-- WORK ORDER --
Take the line that contains "Pikachu 19/68 Verborgenes" and each one after it through the last line below, and retype them exactly. Leave out the pictures.

*** SUPPLIED ENTRIES Section Begins ***

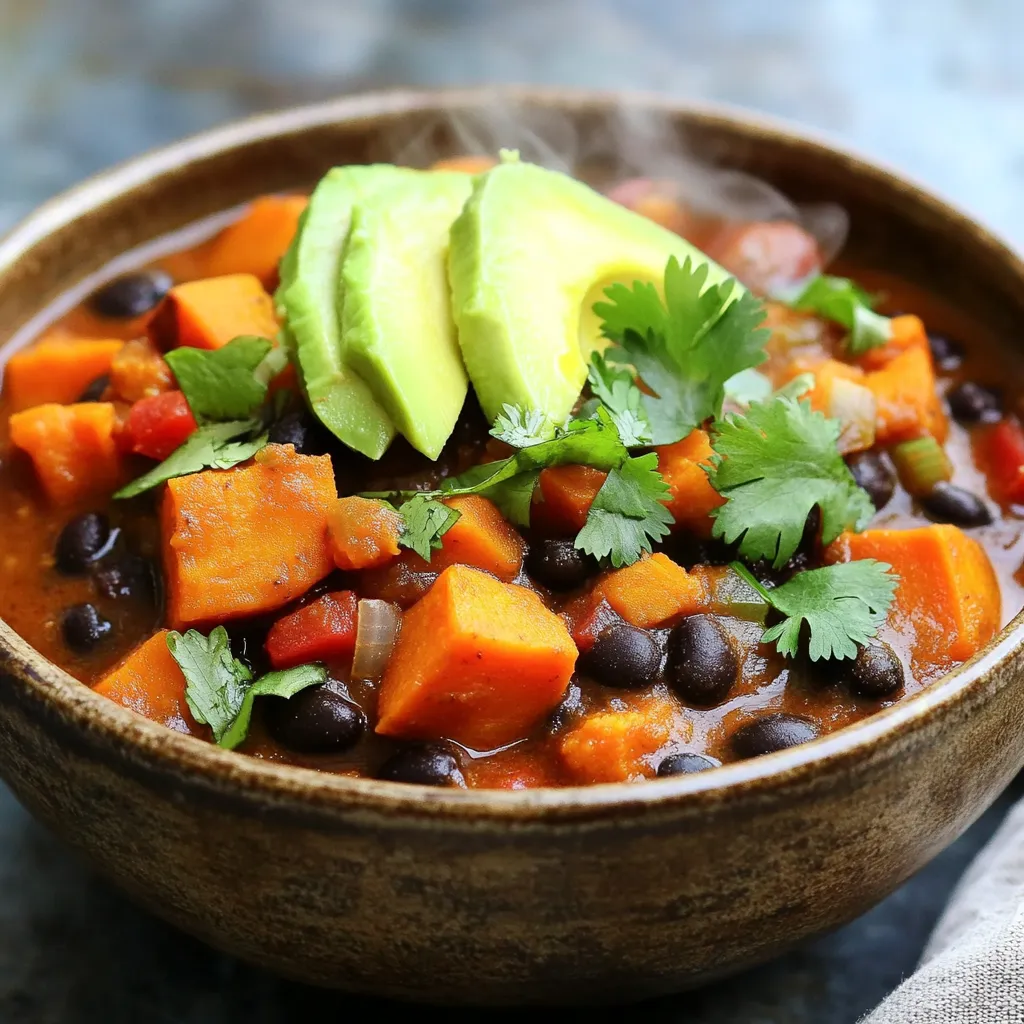 To make Slow Cooker Sweet Potato Black Bean Chili, you need these items: - 2 large sweet potatoes, peeled and diced - 1 can (15 oz) black beans, drained and rinsed - 1 can (15 oz) diced tomatoes, with juice - 1 medium onion, diced - 2 cloves garlic, minced - 1 red bell pepper, diced - 2 cups vegetable broth - 1 tablespoon chili powder - 1 teaspoon cumin - 1 teaspoon smoked paprika - 1/2 teaspoon cayenne pepper (adjust for spice preference) - Salt and pepper to taste - 1 tablespoon olive oil - Fresh cilantro and avocado for garnish Using good-quality ingredients makes a big difference. Choose organic sweet potatoes for better flavor. Fresh herbs add brightness, so look for vibrant cilantro. Canned beans should have no added sugar or preservatives. Always check the label for quality. Fresh garlic and onion enhance the taste, so avoid pre-chopped versions. The better the ingredients, the more delicious your chili will be. You can easily swap out some ingredients. If you’re out of sweet potatoes, try butternut squash. Any beans work, so use pinto or kidney beans instead of black. If you want to skip the canned tomatoes, fresh diced tomatoes are a great choice. For a smoky flavor, use liquid smoke in place of smoked paprika. Adjust the spices based on your taste. First, gather all your ingredients. You will need: - 2 large sweet potatoes, peeled and diced - 1 can (15 oz) black beans, drained and rinsed - 1 can (15 oz) diced tomatoes, with juice - 1 medium onion, diced - 2 cloves garlic, minced - 1 red bell pepper, diced - 2 cups vegetable broth - 1 tablespoon chili powder - 1 teaspoon cumin - 1 teaspoon smoked paprika - 1/2 teaspoon cayenne pepper (adjust for spice preference) - Salt and pepper to taste - 1 tablespoon olive oil - Fresh cilantro and avocado for garnish Start by heating the olive oil in a skillet over medium heat. Add the diced onion. Sauté for about five minutes until it turns translucent. This will build a nice base flavor. Next, add the minced garlic and diced red bell pepper. Cook them together for another two to three minutes. You want the aroma to fill your kitchen. Now, transfer all your sautéed mix to the slow cooker. In the slow cooker, combine the diced sweet potatoes, black beans, and diced tomatoes with their juice. Pour in the vegetable broth. This will create a rich and hearty base. Next, season your mix with chili powder, cumin, smoked paprika, cayenne pepper, salt, and pepper. Stir everything well so the flavors can blend. It's important to cover the slow cooker with the lid. Cook it on low for six to eight hours or on high for three to four hours. The sweet potatoes should be tender when done. Once the cooking time is up, taste your chili. Adjust seasonings if needed. This is where you can make it your own. Serve it hot. Garnish with fresh cilantro and slices of avocado. The avocado adds creaminess. Enjoy your bowl of sweet potato black bean chili! You can adjust the cooking time based on your schedule. If you cook on low, plan for 6-8 hours. If you need it faster, use the high setting for 3-4 hours. Check the sweet potatoes to ensure they are soft. They should easily break apart when pressed with a fork. This helps make sure your chili has the perfect texture. To boost the flavor, consider adding more spices. A dash of extra chili powder can increase the heat. You can also add a bit of lime juice before serving. This will brighten the taste. For a smoky flavor, try adding a bit more smoked paprika. These small tweaks can make a big difference in your chili. Serve the chili hot in bowls. Top it with fresh cilantro for a pop of color. Slices of avocado add creaminess and balance the heat. You can also serve it with cornbread or tortilla chips for crunch. This chili pairs well with a side salad for a fresh touch. Enjoying it with friends makes the meal even better! {{image_2}} You can boost the nutrition of this chili by adding more vegetables. Consider diced carrots, zucchini, or corn. These veggies add color and flavor. You can also toss in some kale or spinach near the end. This keeps them bright and fresh. Feel free to get creative with what you have at home. Want to make this chili heartier? Add some protein! Cooked ground turkey or beef works great. If you prefer plant-based options, try adding lentils or quinoa. Both options add texture and protein. Just make sure to adjust the cooking time. You want everything to cook evenly. This recipe is already vegetarian and vegan-friendly. To keep it that way, avoid any meat additions. You can also check your broth to ensure it is plant-based. Use vegetable broth for a rich flavor. For extra creaminess, add a dollop of dairy-free yogurt or cashew cream when serving. These small tweaks can elevate your dish. After making your chili, let it cool. Once cool, transfer it to an airtight container. Store it in the fridge for up to five days. This keeps the flavors fresh and safe. You can freeze leftover chili for later. Use freezer-safe containers or bags. Make sure to leave some space for expansion. It will stay good for about three months. To enjoy, just thaw it overnight in the fridge. To reheat, you can use the stove or microwave. For the stove, heat it in a pot over medium heat. Stir often until warmed through. If using a microwave, place it in a bowl and cover it. Heat in short bursts, stirring in between. This helps it heat evenly. Enjoy your chili warm! Yes, you can make this chili on the stovetop. Start by heating olive oil in a pot. Sauté the onion, garlic, and bell pepper just like in the slow cooker method. Then, add the sweet potatoes, beans, tomatoes, and broth. Season well and bring to a boil. Lower the heat and let it simmer for about 30 minutes. Stir often until the sweet potatoes soften. To store leftover chili, first let it cool. Then, transfer it to an airtight container. You can keep it in the fridge for up to five days. If you want to store it longer, freeze it. Use freezer-safe containers or bags. It can last for three months in the freezer. Absolutely! If you want more heat, add extra cayenne pepper or chili powder. You can also mix in some diced jalapeños or hot sauce. Taste as you go to ensure you reach your desired spice level. This chili pairs well with many sides. You can serve it with cornbread or crusty bread. Rice or quinoa also makes great options. For a fresh touch, add a simple salad. Don't forget to top it with avocado and cilantro for added flavor. When using a slow cooker, cooking on low takes about 6-8 hours. If you are short on time, cooking on high takes about 3-4 hours. Both methods will yield tender sweet potatoes and a flavorful chili. This blog post covers everything you need for a great chili. We looked at key ingredients, their quality, and possible swaps. I outlined the steps for prep, slow cooking, and serving. You learned tips for adjusting cook times and enhancing flavors. We explored variations with extra veggies, proteins, and vegan options. Finally, I shared the best ways to store and reheat leftovers. Make your chili unique and delicious. With these tips, you can enjoy tasty meals anytime.
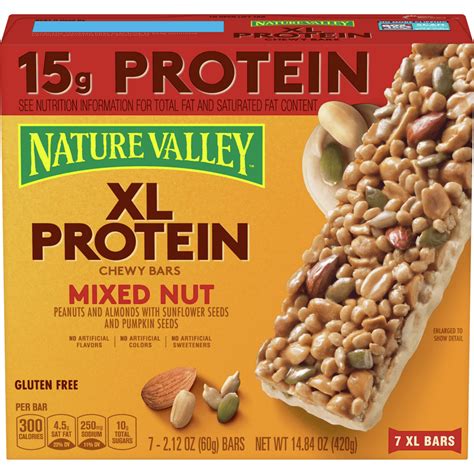 Nature Valley Chewy Granola Bars Xl Protein Gluten Free Mixed Nut 7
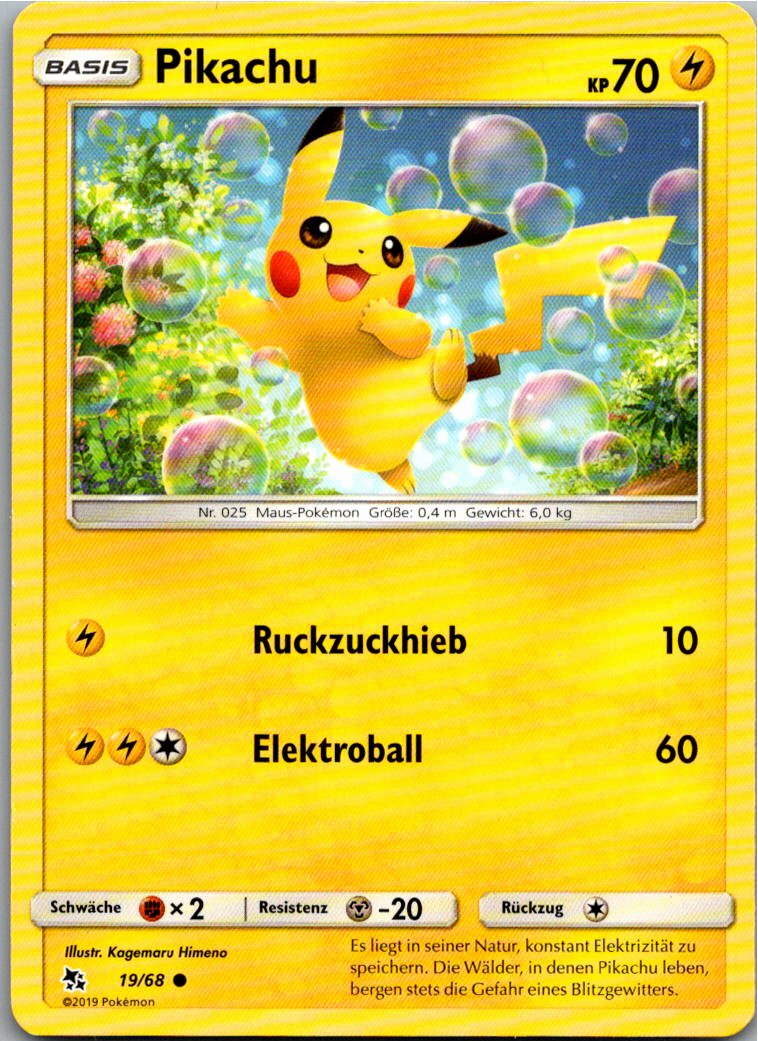 Pikachu 19/68 Verborgenes Schicksal – Vorderseite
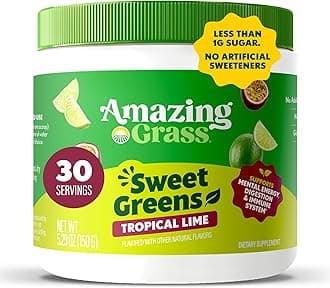 Sweet Greens and Superfoods Powder for Digestive Health, Greens Powder, Digestive Enzymes, Probiotics, Spirulina, Chlorella, Tropical Lime, 30 Servings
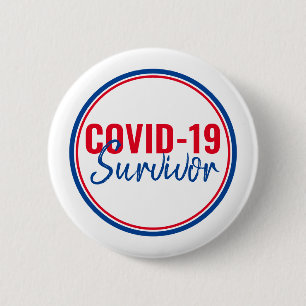 Red Blue Pandemic Coronavirus Covid-19 Survivor Ronde Button 5,7 Cm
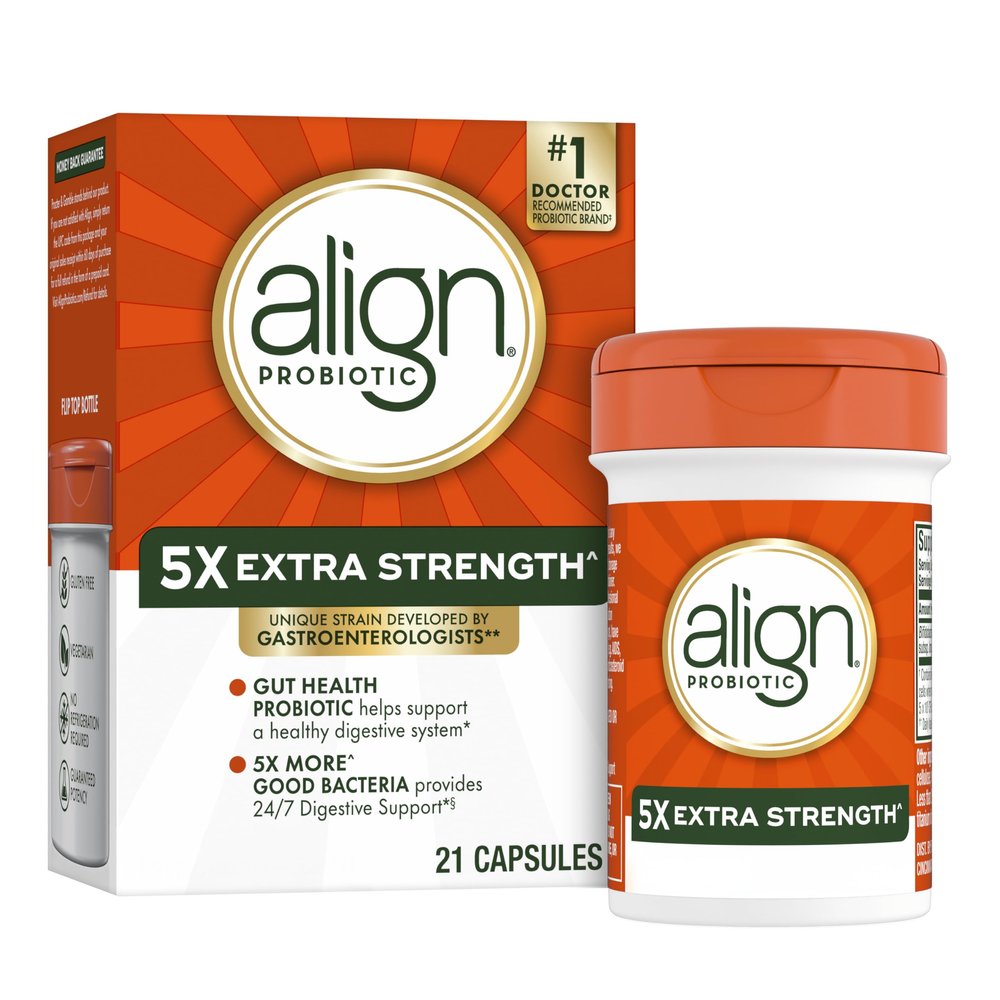 Align Probiotic Extra Strength, Probiotics for Women and Men, #1 Doctor Recommended Brand, 5X More Good Bacteria^ to Help Support a Healthy Digestive System*, 21 Capsules (Packaging May Vary)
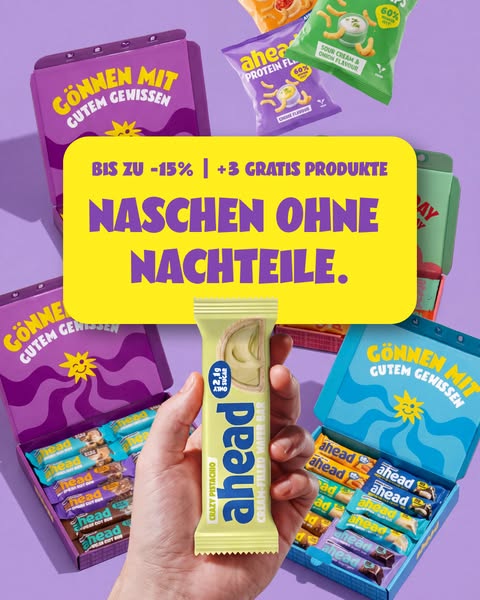 The ad showcases a variety of Ahead brand protein snacks, focusing on the 'Crazy Pistachio' cream-filled white b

*** SUPPLIED ENTRIES Section Ends ***

-- REPLY --
 Pikachu 19/68 Verborgenes Schicksal – Vorderseite
 Sweet Greens and Superfoods Powder for Digestive Health, Greens Powder, Digestive Enzymes, Probiotics, Spirulina, Chlorella, Tropical Lime, 30 Servings
 Red Blue Pandemic Coronavirus Covid-19 Survivor Ronde Button 5,7 Cm
 Align Probiotic Extra Strength, Probiotics for Women and Men, #1 Doctor Recommended Brand, 5X More Good Bacteria^ to Help Support a Healthy Digestive System*, 21 Capsules (Packaging May Vary)
 The ad showcases a variety of Ahead brand protein snacks, focusing on the 'Crazy Pistachio' cream-filled white b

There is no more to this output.